**Problem requirements:** Reproduce the entries below exactly, but only from the line containing "Official Le Mans" to the line containing "Aniston Pullover in", inclusive.

───

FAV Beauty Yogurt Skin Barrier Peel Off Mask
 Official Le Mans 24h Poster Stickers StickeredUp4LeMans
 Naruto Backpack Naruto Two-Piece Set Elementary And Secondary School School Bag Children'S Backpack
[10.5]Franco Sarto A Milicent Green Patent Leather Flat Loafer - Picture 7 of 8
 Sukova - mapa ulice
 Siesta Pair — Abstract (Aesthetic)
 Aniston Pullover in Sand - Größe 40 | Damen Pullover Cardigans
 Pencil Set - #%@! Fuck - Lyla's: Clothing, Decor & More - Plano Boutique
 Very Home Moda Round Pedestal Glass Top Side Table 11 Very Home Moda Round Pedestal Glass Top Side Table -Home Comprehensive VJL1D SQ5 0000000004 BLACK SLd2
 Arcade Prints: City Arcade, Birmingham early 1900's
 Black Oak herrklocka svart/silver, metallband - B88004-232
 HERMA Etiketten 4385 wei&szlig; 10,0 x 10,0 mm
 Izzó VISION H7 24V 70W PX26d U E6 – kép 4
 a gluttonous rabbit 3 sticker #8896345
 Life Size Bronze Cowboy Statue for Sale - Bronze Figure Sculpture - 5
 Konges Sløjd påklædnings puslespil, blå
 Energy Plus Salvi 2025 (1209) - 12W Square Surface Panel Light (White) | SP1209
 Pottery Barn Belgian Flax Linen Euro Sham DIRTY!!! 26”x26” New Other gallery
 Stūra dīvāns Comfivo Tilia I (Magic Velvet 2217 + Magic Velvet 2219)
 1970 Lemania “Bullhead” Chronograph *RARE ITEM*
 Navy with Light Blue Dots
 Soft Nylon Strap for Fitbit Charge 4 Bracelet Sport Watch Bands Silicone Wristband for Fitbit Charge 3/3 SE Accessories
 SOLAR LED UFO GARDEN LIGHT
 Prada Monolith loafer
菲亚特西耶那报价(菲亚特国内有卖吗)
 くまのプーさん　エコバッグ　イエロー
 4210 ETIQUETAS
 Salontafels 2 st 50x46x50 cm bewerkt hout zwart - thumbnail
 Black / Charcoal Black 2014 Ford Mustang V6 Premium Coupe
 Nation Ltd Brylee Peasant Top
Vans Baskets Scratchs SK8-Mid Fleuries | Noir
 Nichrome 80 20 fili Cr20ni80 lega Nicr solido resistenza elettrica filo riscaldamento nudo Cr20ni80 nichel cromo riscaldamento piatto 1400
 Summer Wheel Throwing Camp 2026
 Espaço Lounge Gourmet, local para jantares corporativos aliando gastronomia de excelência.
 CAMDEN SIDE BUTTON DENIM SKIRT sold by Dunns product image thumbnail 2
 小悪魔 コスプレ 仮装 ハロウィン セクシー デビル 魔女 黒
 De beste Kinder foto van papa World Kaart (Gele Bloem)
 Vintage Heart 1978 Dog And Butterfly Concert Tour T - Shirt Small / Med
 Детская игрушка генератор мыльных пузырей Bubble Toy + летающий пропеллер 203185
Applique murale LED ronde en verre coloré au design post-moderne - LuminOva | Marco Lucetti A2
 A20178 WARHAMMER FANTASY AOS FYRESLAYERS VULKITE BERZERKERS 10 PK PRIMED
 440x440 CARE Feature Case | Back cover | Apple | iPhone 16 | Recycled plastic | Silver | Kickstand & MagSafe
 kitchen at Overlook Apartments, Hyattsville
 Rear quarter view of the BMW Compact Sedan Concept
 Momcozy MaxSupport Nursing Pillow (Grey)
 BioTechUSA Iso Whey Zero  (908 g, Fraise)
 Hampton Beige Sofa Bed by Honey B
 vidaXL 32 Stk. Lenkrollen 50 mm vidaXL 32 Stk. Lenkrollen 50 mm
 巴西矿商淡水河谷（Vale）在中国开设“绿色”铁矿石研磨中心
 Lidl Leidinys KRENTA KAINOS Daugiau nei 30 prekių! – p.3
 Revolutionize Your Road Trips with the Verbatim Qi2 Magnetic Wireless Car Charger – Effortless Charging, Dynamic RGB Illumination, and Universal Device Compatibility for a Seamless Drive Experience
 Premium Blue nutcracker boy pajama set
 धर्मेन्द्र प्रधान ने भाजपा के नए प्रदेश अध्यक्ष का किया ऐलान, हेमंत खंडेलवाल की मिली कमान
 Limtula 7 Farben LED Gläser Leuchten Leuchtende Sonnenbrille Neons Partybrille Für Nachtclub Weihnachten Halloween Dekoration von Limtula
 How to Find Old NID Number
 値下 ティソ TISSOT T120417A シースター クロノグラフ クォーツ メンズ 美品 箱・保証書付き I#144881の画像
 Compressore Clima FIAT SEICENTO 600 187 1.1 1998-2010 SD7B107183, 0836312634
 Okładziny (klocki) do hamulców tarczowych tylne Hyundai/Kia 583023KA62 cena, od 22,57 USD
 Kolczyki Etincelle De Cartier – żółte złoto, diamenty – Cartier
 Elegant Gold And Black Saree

───

**Solution for this exercise:**
 Official Le Mans 24h Poster Stickers StickeredUp4LeMans
 Naruto Backpack Naruto Two-Piece Set Elementary And Secondary School School Bag Children'S Backpack
[10.5]Franco Sarto A Milicent Green Patent Leather Flat Loafer - Picture 7 of 8
 Sukova - mapa ulice
 Siesta Pair — Abstract (Aesthetic)
 Aniston Pullover in Sand - Größe 40 | Damen Pullover Cardigans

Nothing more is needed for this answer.